Azure / Azurite

A lightweight server clone of Azure Storage that simulates most of the commands supported by it with minimal dependencies
MIT License
1.8k stars 320 forks source link

Frequent "internal server error" in CloudQueue.GetMessage() / GetMessageAsync() #347

Closed ManfredLange closed 4 years ago

ManfredLange commented 4 years ago

Which service(blob, file, queue, table) does this issue concern?

queue

Which version of the Azurite was used?

V3 via latest docker container image, sha256:10f72c1ff978851171b3130371a6885beb888c4ce5691b49aa305968fa1404e9

Where do you get Azurite? (npm, DockerHub, NuGet, Visual Studio Code Extension)

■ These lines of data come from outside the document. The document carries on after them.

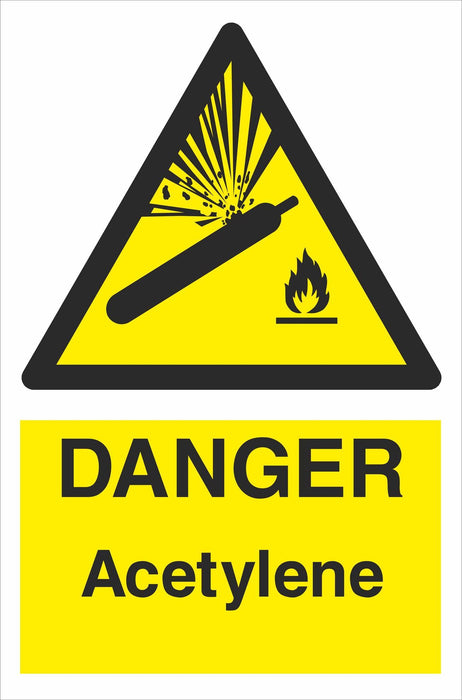 DANGER Acetylene
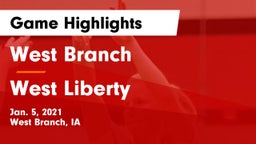 West Branch  vs West Liberty  Game Highlights - Jan. 5, 2021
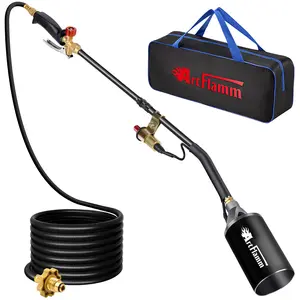Portable Propane Torch Burner with Storage Bag, High Output BTU Blow Torch with 10FT Hose, Flame Weeder with Igniter for Garden Roofing Springtok Outdoor fathersdaygiftideas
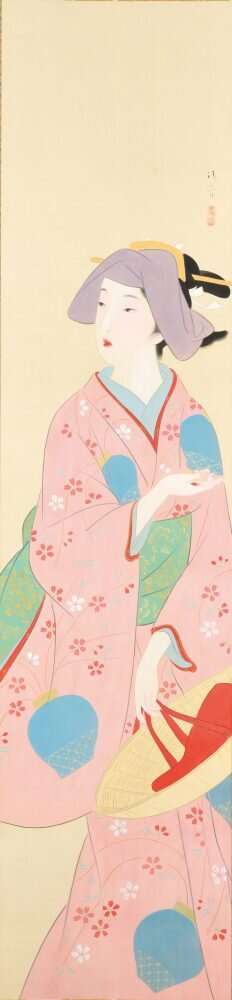 鏑木 清方「春立つ浦」 ※価格はお問い合わせ下さい
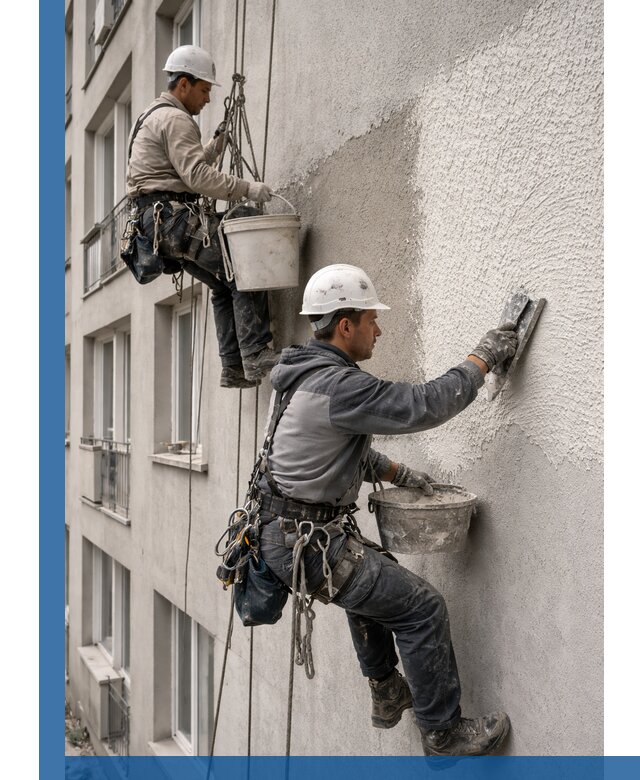 Нанесение декоративной штукатурки короед на фасад в Нерюнгри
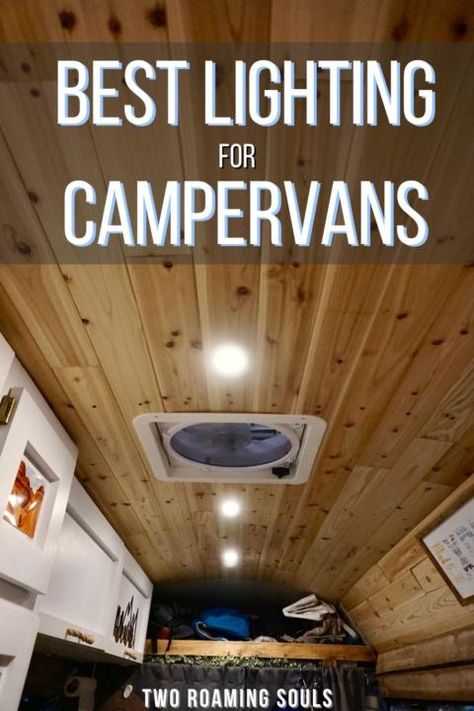 Van Lighting Ideas, Camper Van Lighting Ideas, Camper Van Lighting, Campervan Lighting Ideas, Skoolie Lighting, Campervan Lighting, Van Lighting, Solar Tube Lighting, Camper Lights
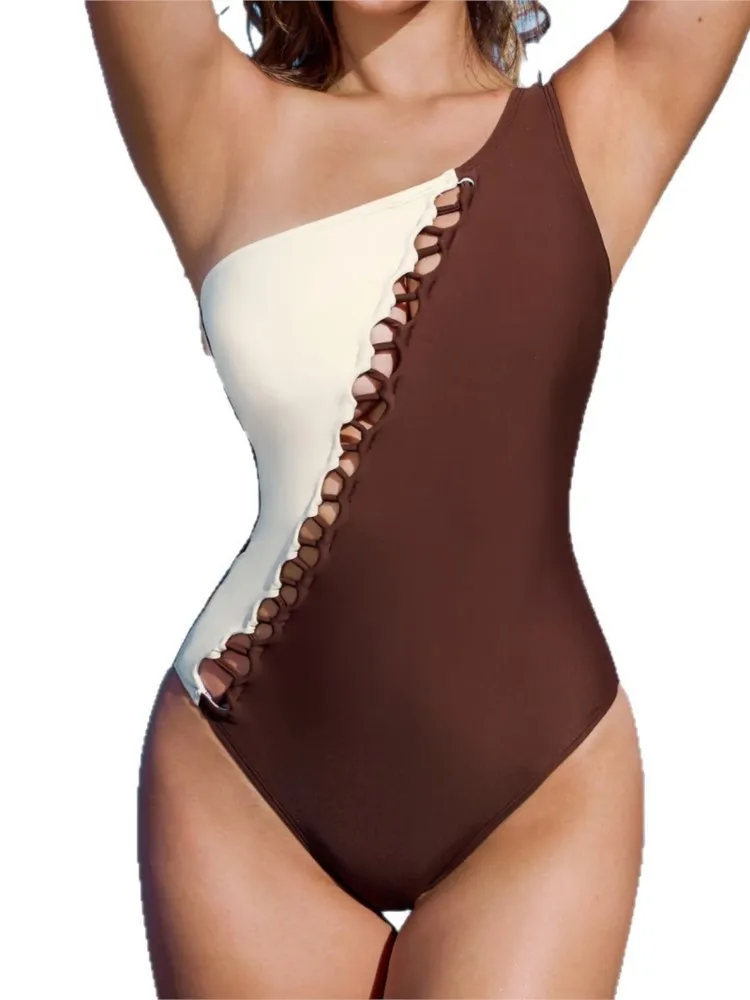 New High Waist Sexy Swimsuit Women Summer Bathing Suit Bikini Set Sleeveless Swimwear Women Beach Swimming Suit For Female 2026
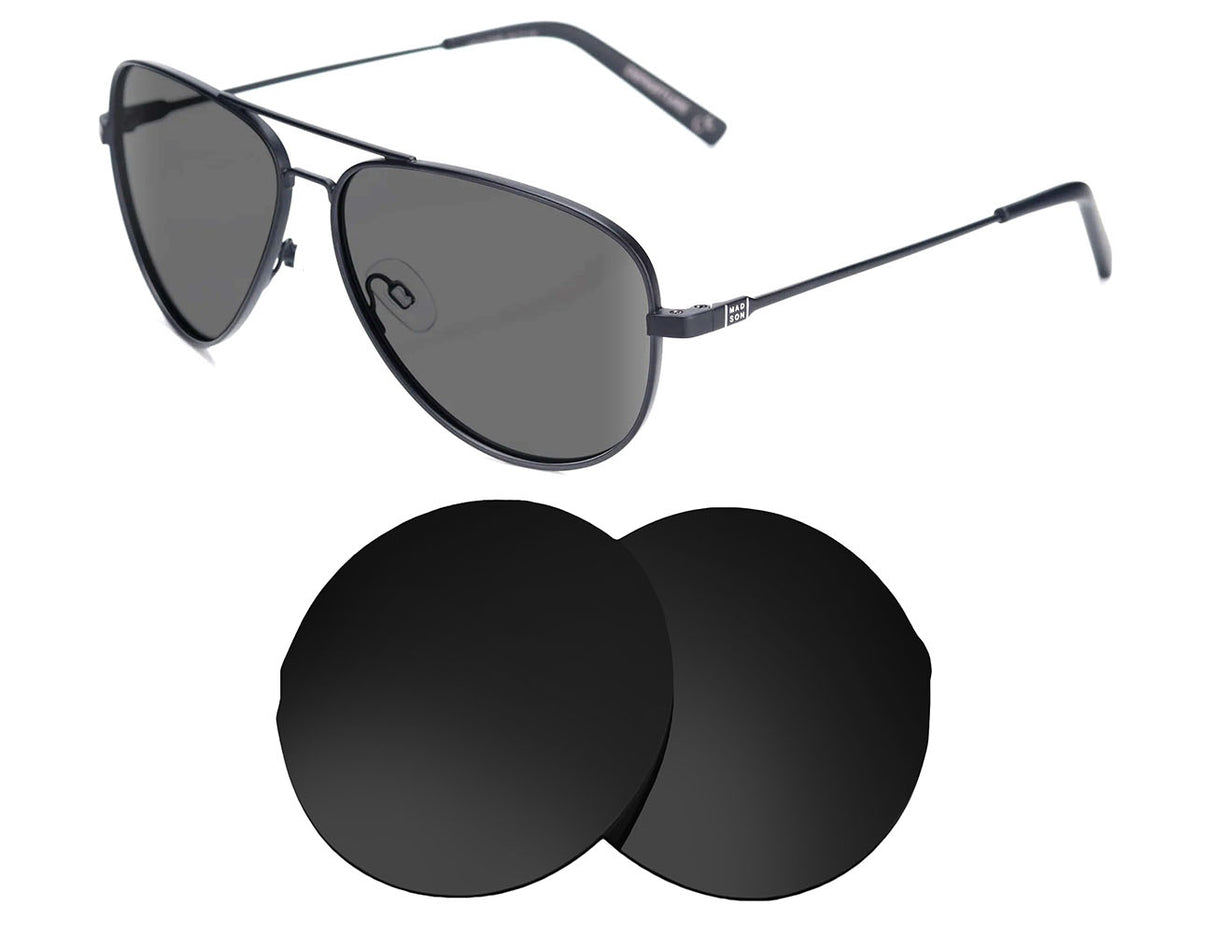 Madson Departure-Replacement Lenses-Volcanic Black-Non-Polarized-Seek Optics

DockerHub using docker pull mcr.microsoft.com/azure-storage/azurite

What's the Node.js version?

Whatever is in that image

What problem was encountered?

Calling CloudQueue.GetMessage() or CloudQueue.GetMessageAsync() fails with execption "Internal Server Error" with no further details.

Steps to reproduce the issue?

Just put enough load on it, e.g. using multiple threads and/or multiple processes.

Have you found a mitigation/solution?

Restarting the emulator seems to be the only thing that gets the emulator unstuck.

-- It works fine for a while. Then after running a few thousand tests that hammer the emulator from multiple processes and threads, it seems that once there is the first internal server error, restarting is the only option to get it working again.

It might also help to share this observation: Once the queue api is stuffed, the blob api still appears to be operational.

Update: It appears as if this is only an issue when running Azurite from the container. Running the most recent commit - df5bf1d - locally or even with a debugger doesn't show the same problem.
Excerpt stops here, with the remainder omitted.